Bimtek Pemda

Panduan Praktis Input Perencanaan dan Penganggaran di SIPD-RI untuk Tahun Anggaran 2026

SIPD-RI (Sistem Informasi Pemerintahan Daerah Republik Indonesia) kini menjadi sistem utama yang wajib digunakan oleh seluruh pemerintah daerah dalam proses perencanaan, penganggaran, pelaksanaan, hingga pelaporan pembangunan daerah. Memasuki tahun anggaran 2026, proses input perencanaan dan penganggaran di SIPD-RI menjadi semakin penting, karena integrasinya dengan indikator kinerja, pohon kinerja, serta regulasi baru tentang tata kelola pemerintahan daerah.

Artikel ini disusun sebagai panduan komprehensif dan praktis untuk membantu ASN, operator perencanaan, dan pejabat pengelola keuangan dalam melakukan input yang benar, sistematis, dan sesuai ketentuan. Untuk pemahaman yang lebih menyeluruh terkait konsep perencanaan dan anggaran berbasis kinerja, artikel ini terhubung dengan Bimtek Intensif Penyusunan Anggaran Berbasis Kinerja untuk Perencanaan Tahun Anggaran 2026 sebagai referensi utama.

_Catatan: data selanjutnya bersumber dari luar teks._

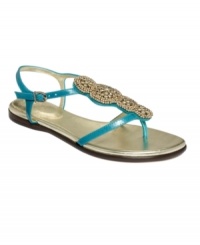 Dainty straps with dramatic decor. The Allik thong sandals by Vince Camuto make a big impact with heavy metallic beading.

Peran Strategis SIPD-RI dalam Penyusunan Anggaran Tahun 2026

SIPD-RI bukan sekadar platform input teknis. Sistem ini kini menjadi pusat integrasi data dan dokumen perencanaan daerah. Perubahan kebijakan nasional dan kesiapan menuju tahun anggaran 2026 menuntut seluruh perangkat daerah untuk memahami penggunaan SIPD-RI secara benar karena:

  • Setiap program dan kegiatan wajib sesuai dengan dokumen perencanaan (RPJMD, Renstra, Renja).

  • Indikator dan target harus selaras dengan pohon kinerja perangkat daerah.

  • Penganggaran wajib berbasis output dan outcome, bukan sekadar input.

  • Seluruh proses akan dievaluasi melalui SIPD-RI, bukan manual lagi.

  • Regulasi terbaru memperketat konsistensi antara perencanaan dan penganggaran.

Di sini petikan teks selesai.